Silvio Berlusconi, the billionaire prime minister of Italy, has stirred up a fresh round of outrage among his critics after complaining to the President of the United States (and into an open microphone) that the various criminal charges filed against him have been the handiwork of a "dictatorship of leftist judges." Perhaps the Italian thought that President Obama, as a Democrat whose Secretary of State is married to Bill Clinton, would sympathize with his complaint that sex crimes had been charged against him for political reasons. He may also have hoped that the President would agree with the implicit general premise that criminal complaints against political leaders are always politically motivated. One reporter, however, observed that Obama was "visibly perplexed" by Berlusconi's venting.

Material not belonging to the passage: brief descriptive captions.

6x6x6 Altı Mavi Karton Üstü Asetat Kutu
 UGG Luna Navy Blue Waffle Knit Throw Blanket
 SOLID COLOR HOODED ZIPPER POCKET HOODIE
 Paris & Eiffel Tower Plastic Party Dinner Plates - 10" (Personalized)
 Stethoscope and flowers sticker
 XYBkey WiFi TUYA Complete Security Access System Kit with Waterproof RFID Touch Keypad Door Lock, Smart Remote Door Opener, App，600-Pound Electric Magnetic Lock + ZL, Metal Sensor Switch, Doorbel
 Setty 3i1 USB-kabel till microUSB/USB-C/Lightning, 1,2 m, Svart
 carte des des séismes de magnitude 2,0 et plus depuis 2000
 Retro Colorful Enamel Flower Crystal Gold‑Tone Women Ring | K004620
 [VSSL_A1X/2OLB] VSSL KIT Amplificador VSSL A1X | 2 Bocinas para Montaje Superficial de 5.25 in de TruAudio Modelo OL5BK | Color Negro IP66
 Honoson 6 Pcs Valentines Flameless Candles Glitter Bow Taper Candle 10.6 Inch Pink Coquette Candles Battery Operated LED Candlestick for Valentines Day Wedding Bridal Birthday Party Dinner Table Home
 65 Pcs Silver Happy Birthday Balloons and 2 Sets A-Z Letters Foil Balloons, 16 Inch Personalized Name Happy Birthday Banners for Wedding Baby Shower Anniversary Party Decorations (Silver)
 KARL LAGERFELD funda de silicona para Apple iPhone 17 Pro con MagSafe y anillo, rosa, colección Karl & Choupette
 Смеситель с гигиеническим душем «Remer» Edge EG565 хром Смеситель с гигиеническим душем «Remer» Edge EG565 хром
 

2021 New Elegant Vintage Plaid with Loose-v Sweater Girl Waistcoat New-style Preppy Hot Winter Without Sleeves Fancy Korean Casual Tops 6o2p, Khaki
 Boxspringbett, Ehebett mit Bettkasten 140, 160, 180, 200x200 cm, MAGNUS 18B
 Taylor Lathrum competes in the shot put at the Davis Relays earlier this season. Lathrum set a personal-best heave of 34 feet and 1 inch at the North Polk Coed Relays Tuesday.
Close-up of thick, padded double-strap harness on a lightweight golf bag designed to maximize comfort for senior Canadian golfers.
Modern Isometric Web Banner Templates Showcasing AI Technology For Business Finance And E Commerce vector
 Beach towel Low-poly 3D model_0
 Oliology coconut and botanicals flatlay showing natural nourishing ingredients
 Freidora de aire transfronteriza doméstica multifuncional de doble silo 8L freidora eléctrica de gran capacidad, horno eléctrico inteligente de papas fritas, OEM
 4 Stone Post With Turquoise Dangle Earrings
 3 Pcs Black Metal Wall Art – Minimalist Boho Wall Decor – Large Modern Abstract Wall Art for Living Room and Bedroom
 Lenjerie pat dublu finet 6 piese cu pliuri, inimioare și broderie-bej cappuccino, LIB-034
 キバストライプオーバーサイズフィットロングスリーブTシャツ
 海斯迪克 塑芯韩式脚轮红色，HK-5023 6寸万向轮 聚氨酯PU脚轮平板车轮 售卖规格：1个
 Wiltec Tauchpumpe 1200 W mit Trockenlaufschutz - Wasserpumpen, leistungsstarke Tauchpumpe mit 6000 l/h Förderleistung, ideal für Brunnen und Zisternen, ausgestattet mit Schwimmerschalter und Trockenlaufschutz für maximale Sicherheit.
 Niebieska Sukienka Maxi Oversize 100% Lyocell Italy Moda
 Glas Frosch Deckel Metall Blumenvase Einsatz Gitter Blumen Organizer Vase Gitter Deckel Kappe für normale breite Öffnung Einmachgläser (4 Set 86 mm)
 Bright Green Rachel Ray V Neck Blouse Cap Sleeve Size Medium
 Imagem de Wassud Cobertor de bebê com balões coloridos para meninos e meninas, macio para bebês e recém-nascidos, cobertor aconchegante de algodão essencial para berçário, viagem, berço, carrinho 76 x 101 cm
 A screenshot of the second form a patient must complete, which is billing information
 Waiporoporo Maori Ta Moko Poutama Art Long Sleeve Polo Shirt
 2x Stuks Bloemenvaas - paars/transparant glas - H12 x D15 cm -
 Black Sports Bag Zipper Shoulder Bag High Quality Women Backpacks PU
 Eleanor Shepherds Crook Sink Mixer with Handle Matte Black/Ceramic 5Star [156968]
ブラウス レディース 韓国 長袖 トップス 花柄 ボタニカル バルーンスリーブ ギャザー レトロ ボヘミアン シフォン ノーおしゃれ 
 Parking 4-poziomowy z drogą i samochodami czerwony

In the past, I've argued that the invocation of what I call "partisan immunity" is typical of bipolarchial polities, where no accuser is assumed to be non-partisan (or sincere) and any misfortune for one or the two dominant parties is presumed to benefit the other. Italy is not a formal Bipolarchy, but its governments tend to coalesce along ideologically bipolar lines. Berlusconi is the leader of a "center right" coalition, for instance, who sees himself persecuted by the Italian "left." But I suspect he might feel the same way about his legal troubles were Italian politics more ideologically pluralistic. There is a temptation for people in political power, and many of their acolytes, to assume that any scandal is part of a political plot against them. In the 1990s, President Clinton's alleged crimes could be fit into a counter-scenario of a "vast right-wing conspiracy" dedicated to driving him out of office by any means necessary short of violence. On that assumption, many Democrats determined to defend Clinton at all costs, whether he was objectively guilty or not. It is not inconceivable that political operatives might try to frame a leader for crimes he or she did not commit, but it is also highly unlikely that such a scheme could stand courtroom scrutiny. It's more likely that, while the leader may presume conspiracy out of pure egoism, his acolytes are motivated less by any objective conviction that conspiracy is afoot than by their fear of the evil consequences should the leader fall. In the American system these fears are especially irrational, since an impeached and convicted President would be followed in office by his Vice President and fellow partisan, though the scandal may be presumed to hurt the party's chances in the next election. The real fear is that the rival party or ideological enemy would benefit in any way from the leader's disgrace. Ideology and partisanship exacerbate the leader's selfish and self-deluding interest to combat justice with conspiracy theory. If so, Berlusconi's home fans probably feel the same way about the sex charges against him as Democrats in the U.S. felt back in the Nineties -- or as some French Socialists feel now about Dominique Strauss-Kahn's legal jeopardy.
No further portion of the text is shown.